- _PROBLEM_:
Each record below is to be copied exactly; the pictures are to be omitted.

_ _ _

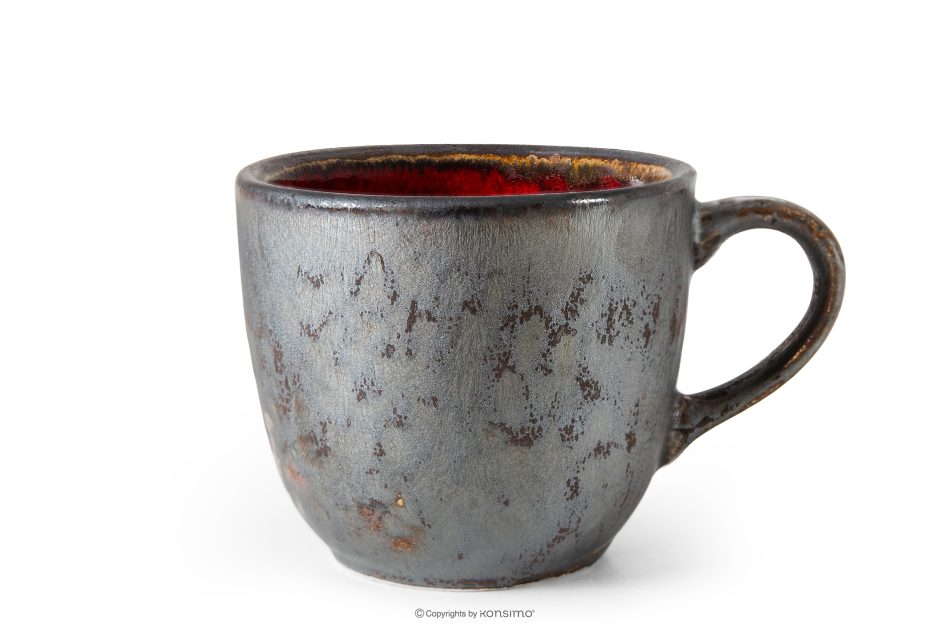 PRIMA Handglasiertes Kaffeegeschirr 6 Personen (18 tlg.) rot rot - Foto 4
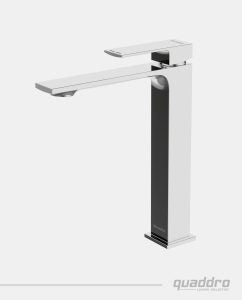Quaddro Highrise Basin Mixer Chrome
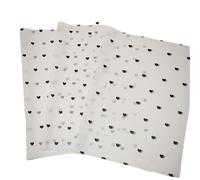 Papel de Regalo 60 Sheets Black Small Peach Heart Pattern Thin Paper,Gift Wrapping For Weddings,Valentine'S Day,Bouquet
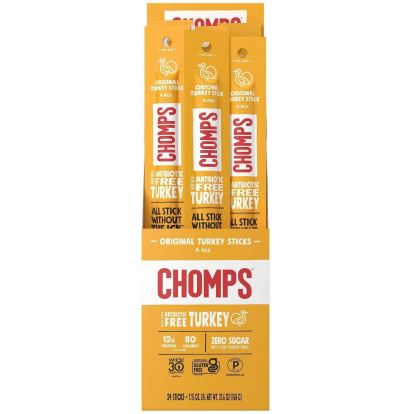 CHOMPS Original Turkey Snack Sticks 1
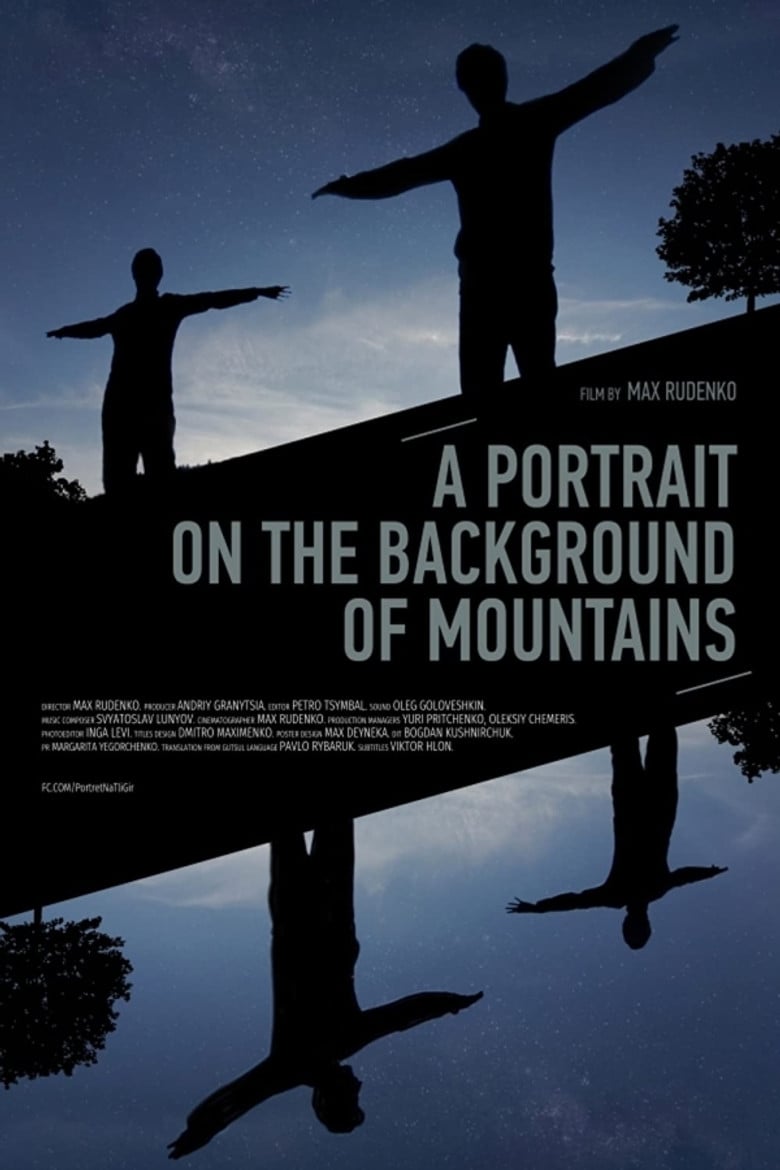 A Portrait on the Background of Mountains poster background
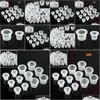 Other Tattoo Supplies Wholesale 200 Pcs/Lot Tattoo Ink Caps Plastic Cups Supplies Medium/Small 16Mm/12Mm 100Pcs Small Size Add Mediu Dheb8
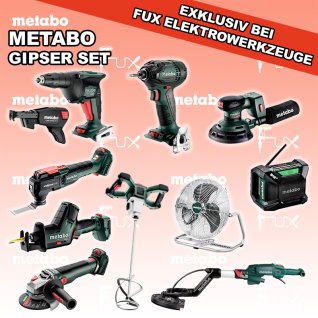 Metabo Gipser Set  8 SOLO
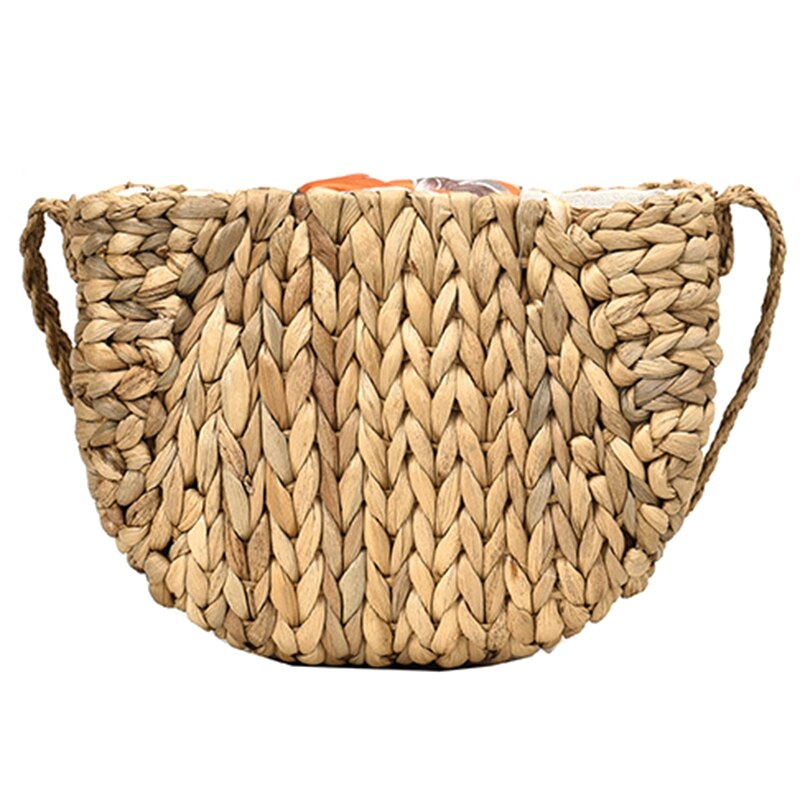 Women Rattan Beach Straw Bag Children'S Basket Bag Summer Holiday Vacation Bohemian Handmade Bag Girls Small Tote - ebowsos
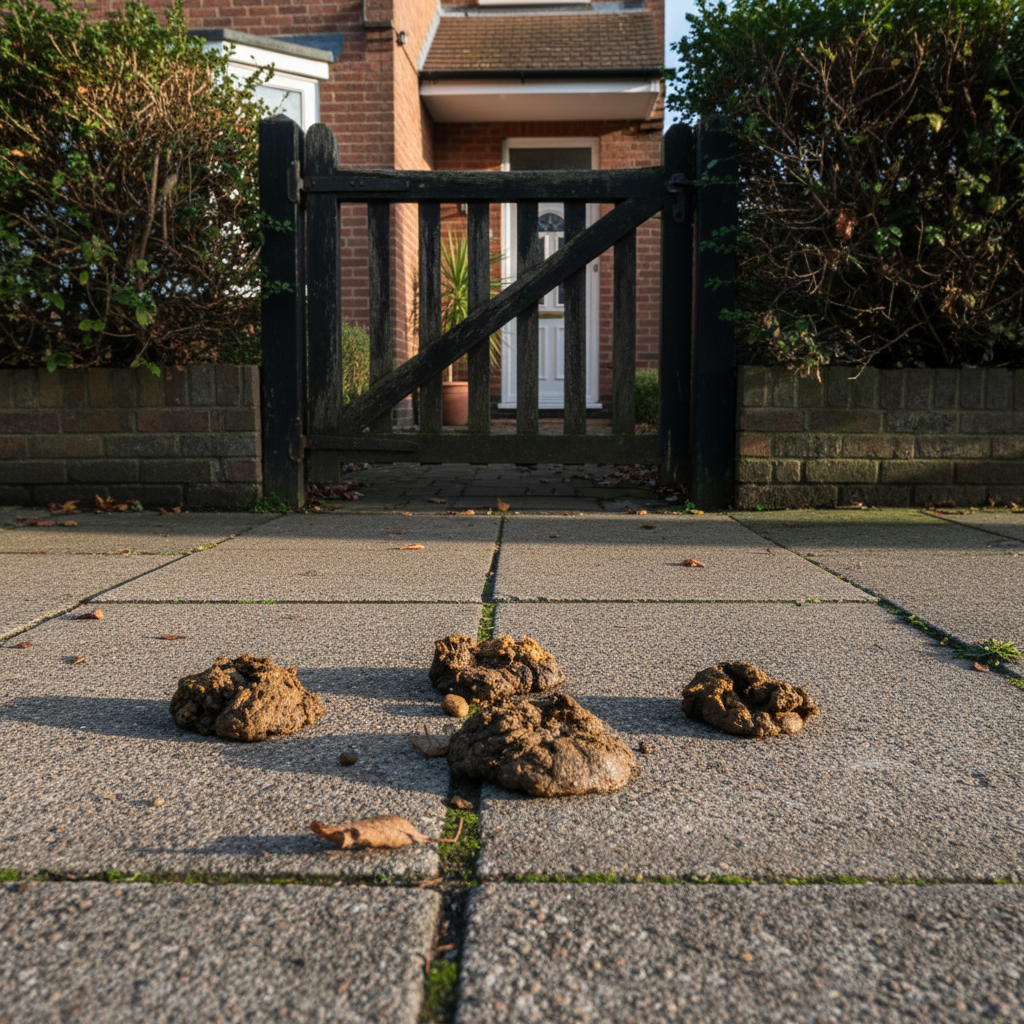 Image pour crottes de chien devant chez moi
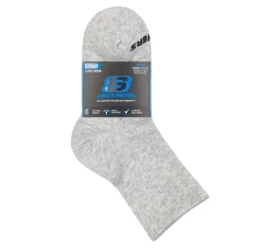 Lot de 3 paires de chaussettes mi-mollet en coton pour garçon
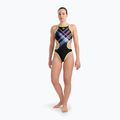 Dámske jednodielne plavky Arena Tech One Back Placement black and colour 5561 4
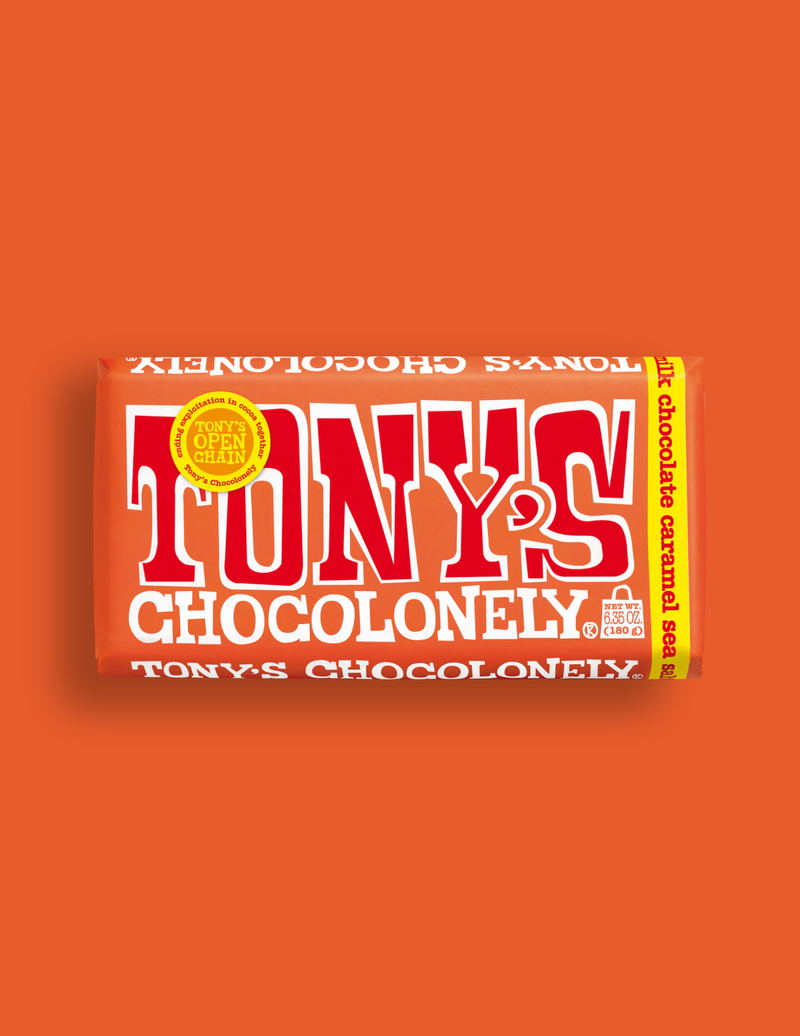 Tony's Chocolonely Milk Caramel Sea Salt 32%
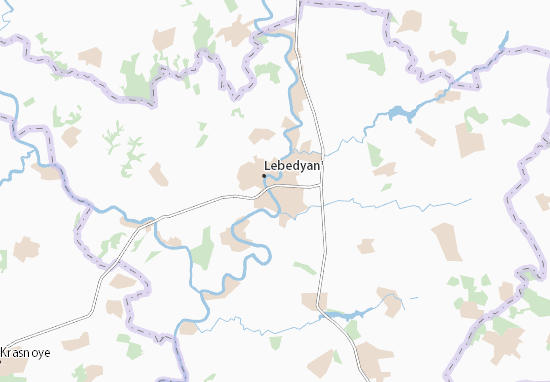 Karte Stadtplan Pokrovo-Kazatskaya
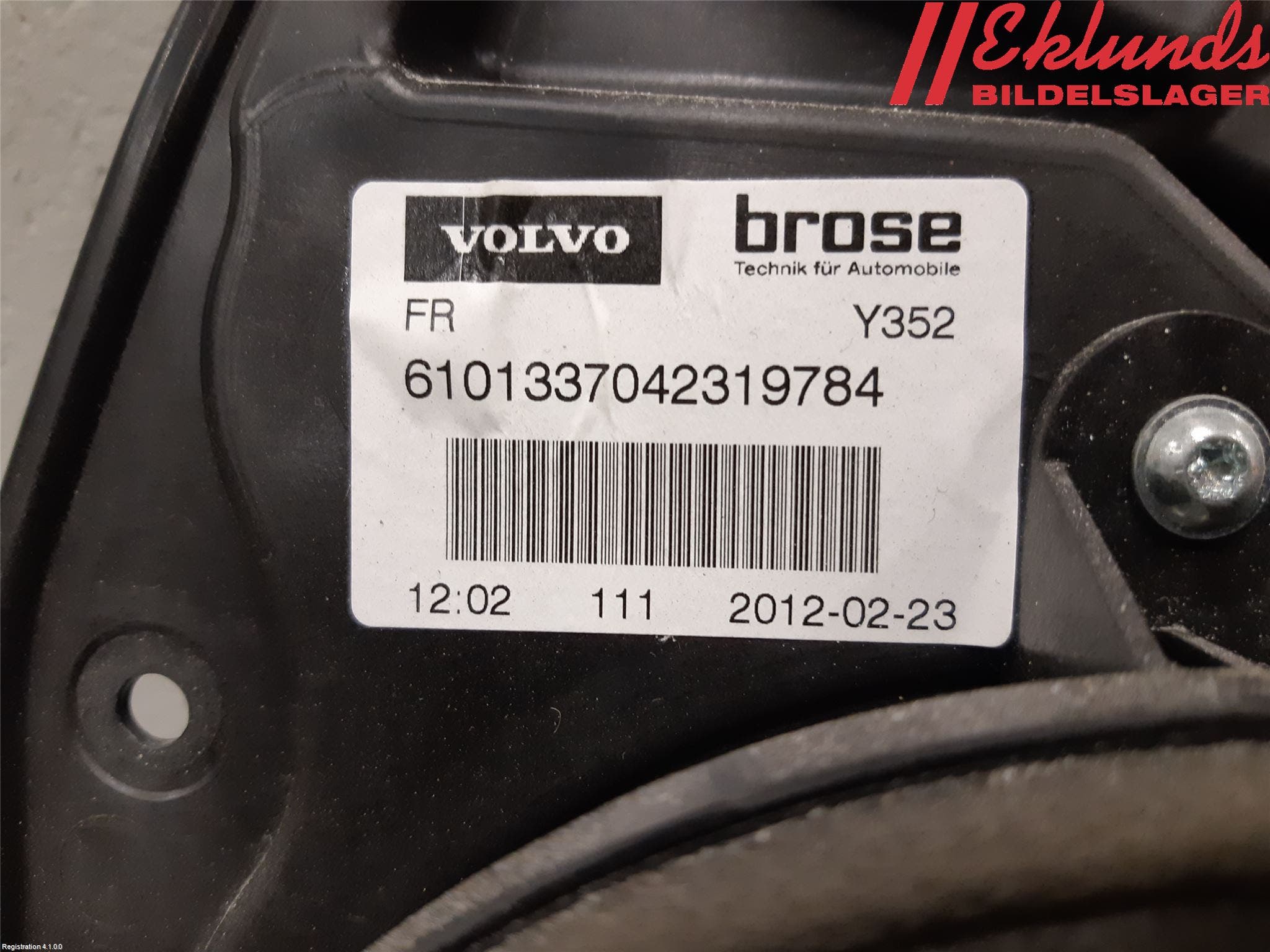 Volvo V60 11-13 Fönsterhiss El Kompl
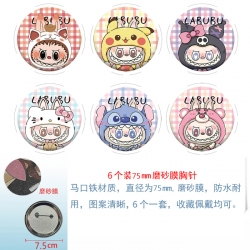 Labubu Anime Matte film brooch...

_ _ _

- _COMPLETED TASK_:
 PRIMA Handglasiertes Kaffeegeschirr 6 Personen (18 tlg.) rot rot - Foto 4
Quaddro Highrise Basin Mixer Chrome
 Papel de Regalo 60 Sheets Black Small Peach Heart Pattern Thin Paper,Gift Wrapping For Weddings,Valentine'S Day,Bouquet
 CHOMPS Original Turkey Snack Sticks 1
 A Portrait on the Background of Mountains poster background
 Other Tattoo Supplies Wholesale 200 Pcs/Lot Tattoo Ink Caps Plastic Cups Supplies Medium/Small 16Mm/12Mm 100Pcs Small Size Add Mediu Dheb8
 Metabo Gipser Set  8 SOLO
 Women Rattan Beach Straw Bag Children'S Basket Bag Summer Holiday Vacation Bohemian Handmade Bag Girls Small Tote - ebowsos
 Image pour crottes de chien devant chez moi
 Lot de 3 paires de chaussettes mi-mollet en coton pour garçon
 Dámske jednodielne plavky Arena Tech One Back Placement black and colour 5561 4
 Tony's Chocolonely Milk Caramel Sea Salt 32%
 Karte Stadtplan Pokrovo-Kazatskaya
 Volvo V60 11-13 Fönsterhiss El Kompl
 Labubu Anime Matte film brooch...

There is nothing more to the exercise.